Sometimes it DOES take a Rocket Scientist!! (true story) 
Scientists at Rolls Royce , England built a gun specifically to launch dead chickens at the windshields of airliners and military jets all travelling at maximum velocity. 

The idea is to simulate the frequent incidents of collisions with airborne fowl to test the strength of the windshields.

American engineers heard about the gun and were eager to test it on the Windshields of their new high speed trains. 

Arrangements were made, and a gun was sent to the American engineers.

When the gun was fired, the engineers stood shocked as the chicken 
hurled out of the barrel, crashed into the shatterproof shield, smashed it to smithereens, blasted through the control console, snapped the engineer's back-rest in two and embedded itself in the back wall of the cabin like an arrow shot from a bow..

The horrified Yanks sent Rolls Royce the disastrous results of the experiment, along with the designs of the windshield and begged the British scientists for suggestions. 






Rolls Royce responded with a one-line memo: 






"Defrost the chicken."


----------



## Rislar (Aug 16, 2008)

:lol: Awesome


----------



## JohnsCrossMotorHomes (Jul 21, 2007)

Could well be true!

Peter


----------



## skydiver (Jan 12, 2010)

Who said Americans were'nt the sharpess pencils!

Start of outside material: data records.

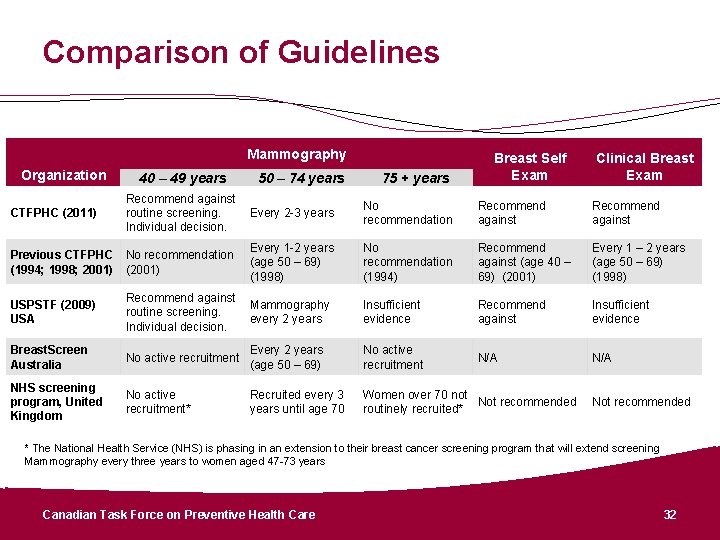Comparison of Guidelines Mammography Organization CTFPHC (2011) 40 – 49 years 50 – 74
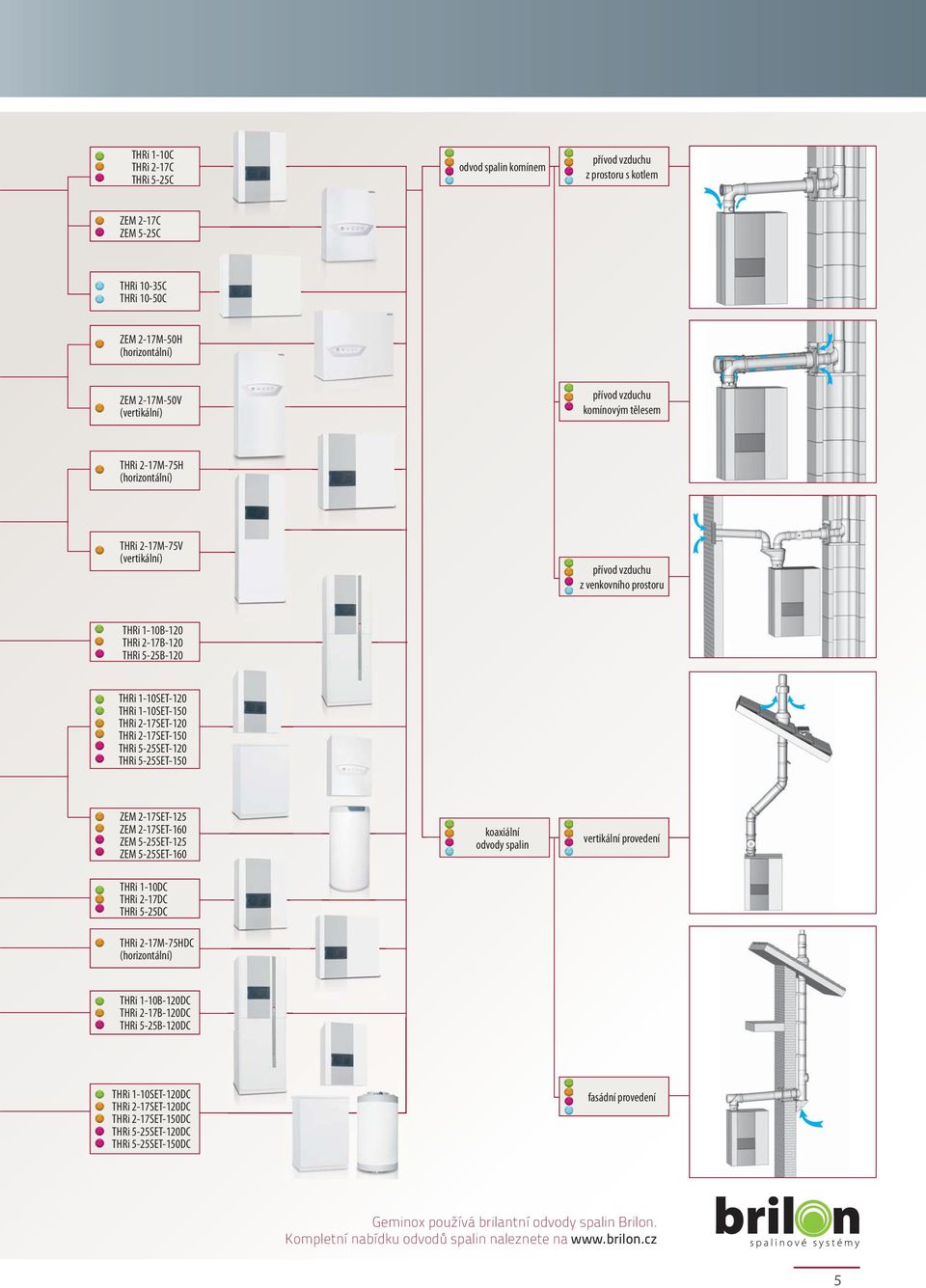 THRi 2-17SET-120 THRi 2-17SET-150 THRi 5-25SET-120 THRi 5-25SET-150 ZEM 2-17SET-125 ZEM 2-17SET-160 ZEM 5-25SET-125 ZEM 5-25SET-160 koaxiální odvody spalin vertikální provedení THRi 1-10DC THRi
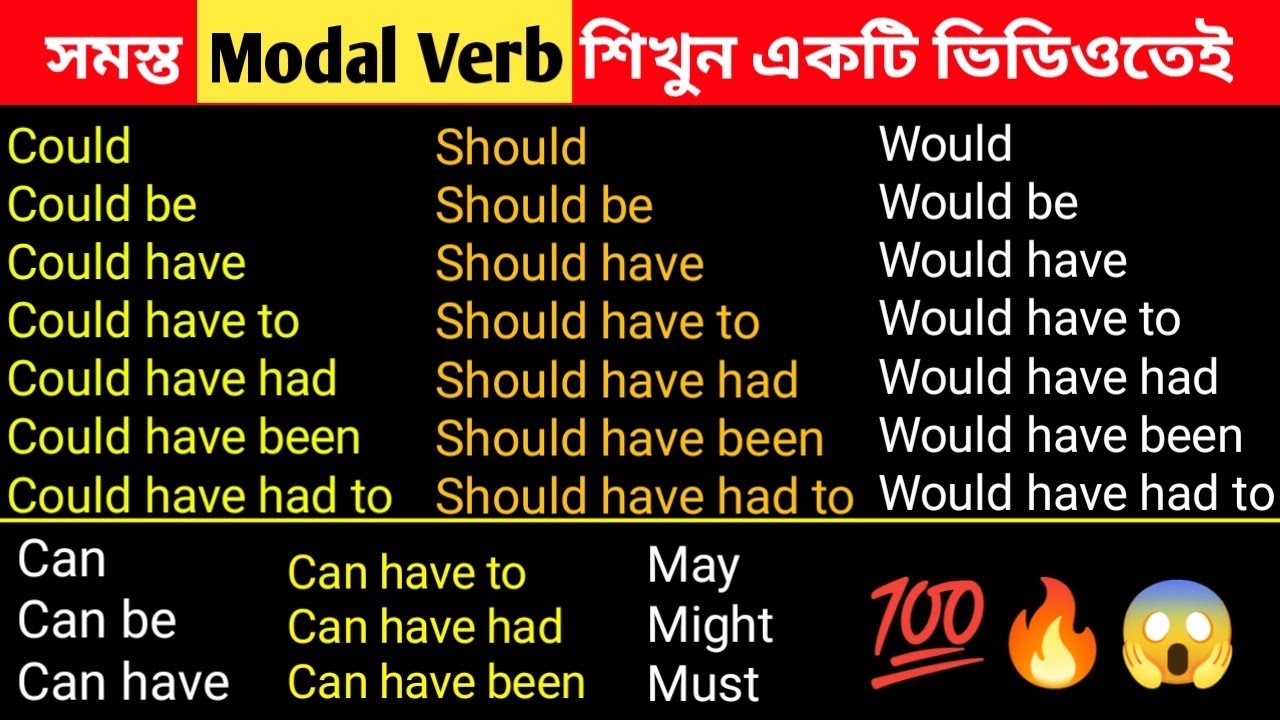 Learn All Modal Verbs in Bengali | Modal Verbs | Spoken English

Great story.


----------



## sallytrafic (Jan 17, 2006)

Sorry to rain on your parade but this is a myth

see Snopes >click<

and in the most repeated version the americans lent the gun to us.


----------



## Penquin (Oct 15, 2007)

Frank, if you read right through the Snopes report you link it does explain that there is a very large amount of truth in the report.

The unreal myth is that the Americans / Brits / French / Italians etc lauded it over another country. That bit is a myth according to Snopes.

The second tp last paragraph in the Snopes report does explain it and certainly birds used to be fired at aircraft windshields or engines to check as part of the air worthiness tests according to that article and my son who is a senior designer for an aviation design company.

So myth in part yes, but some truth in it - as mostt of these things have somewhere........... 8O :lol: 

Dave


----------



## sallytrafic (Jan 17, 2006)

yes of course I know about firing chickens its the whole frozen bit that is false and even predates the internet. I heard about it on a course at Rolls royce engines in the early 80s


----------